**What you will do:** Any picture in the data below gets skipped; print all the rest exactly.

**Dataset excerpt:**
- - -

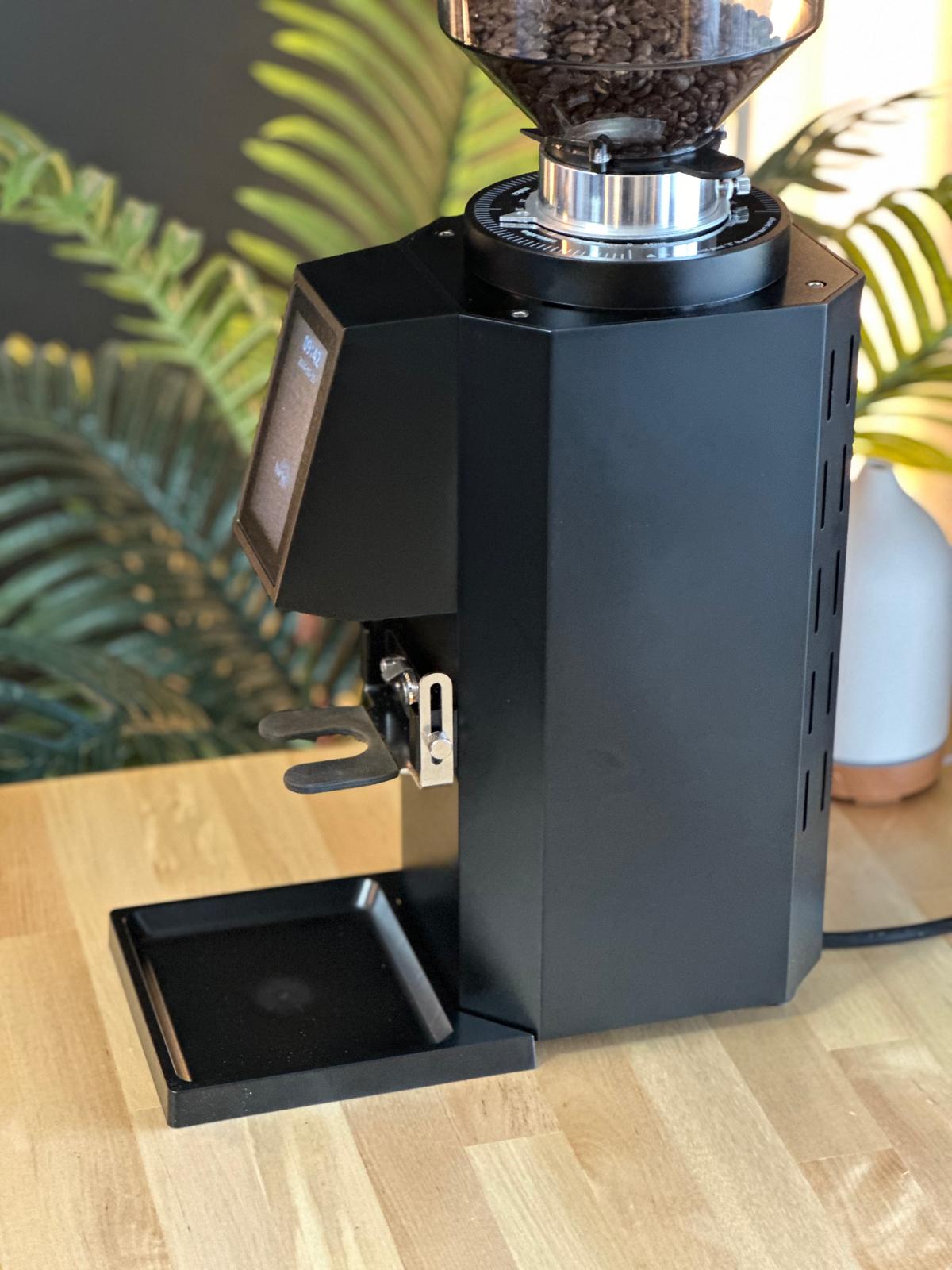 Espresso Outlet LLC Commercial Espresso Grinder Black with DLC Turin ZF83 Commercial Espresso Grinder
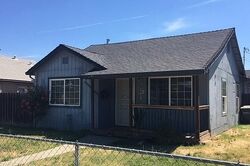 Pre-foreclosure in  S GARFIELD ST Lodi, CA 95240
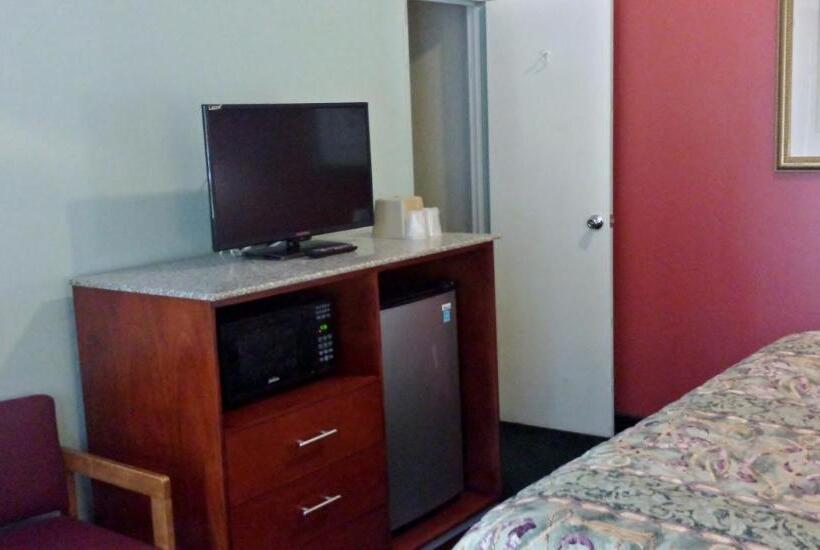 חדר סטנדרט עם מיטת קינג, Budget Inn Fairport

- - -

**Final answer:**
 Espresso Outlet LLC Commercial Espresso Grinder Black with DLC Turin ZF83 Commercial Espresso Grinder
 Pre-foreclosure in  S GARFIELD ST Lodi, CA 95240
 חדר סטנדרט עם מיטת קינג, Budget Inn Fairport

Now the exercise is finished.